C’est auda­cieux de parler ainsi du désir et du plai­sir fémi­nin ici, où l’on a aborde peu ce thème avec une pos­ture si moderne, en étant dans leur inté­rio­rité, par rap­port au contexte d’un fes­ti­val de cinéma afri­cain en tout cas.

En Afrique, on est tiraillé entre tra­di­tion et moder­nité. Parfois, quand on veut entrer dans la moder­nité, la tra­di­tion nous rat­trape. Ou alors, on se replie sur la tra­di­tion pour se cacher de la moder­nité. Je pense que pour toutes les femmes afri­cai­nes, - toutes les femmes du monde -, ce qui compte, c’est le désir. Quand on est brûlée par le feu du désir, on ne peut pas faire autre­ment ! Comment raconter cela ? Cela passe par­fois par le regard, puis une mélan­co­lie, de joie... Pour cette femme, Ramata, une femme tro­phée, une femme qu’on exhibe, son mari est minis­tre et elle est très belle - mais elle a été oubliée...

C’est peut-être l’usure du couple.
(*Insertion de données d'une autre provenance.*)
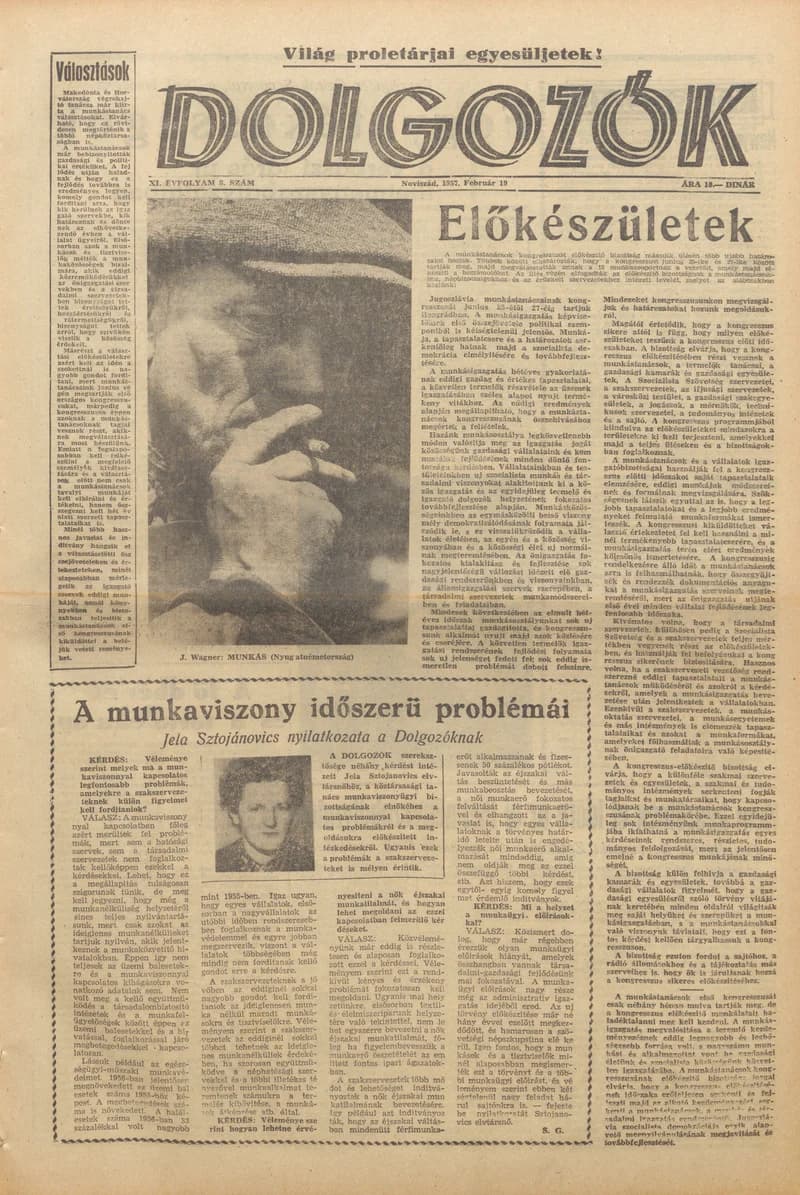 Dolgozók, 11. évf. 1957. február 19. 8. sz.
Pourquoi le démon de midi n’arri­ve­rait-il qu’aux hommes ? Mais le désir la place dans une situa­tion tra­gi­que...

Son désir pour ce jeune homme aurait pu être très banal... mais cette femme dans sa jeu­nesse a fait une erreur. Un homme est mort. Elle tombe amou­reuse d’un jeune homme qui ne vient pas régler ses comp­tes, c’est le destin qui s’en charge. Comme pour dire à cette femme : "tu as fait cela un jour, il faut que tu paies." Ce qu’elle paie, c’est son désir pour cet homme qu’elle attend.

On peut lire l’his­toire comme une ren­contre char­nelle ou y voir un récit tra­gi­que, au sens grec du terme.

Oui, c’est une tra­gé­die grec­que. Dans le pays Serère au Sénégal, il y a des simi­li­tu­des avec la tra­gé­die grec­que. Il y a des choses qui sont uni­ver­sel­les. Elle vient de la classe pauvre et c’est une femme qui s’ennuie. Elle est arro­gante. Ce n’est pas parce qu’elle est riche, c’est qu’elle est dans un carcan. C’est une femme seule, qui aime­rait être avec les autres. Elle ne veut plus être seule. Et le destin la rat­trape.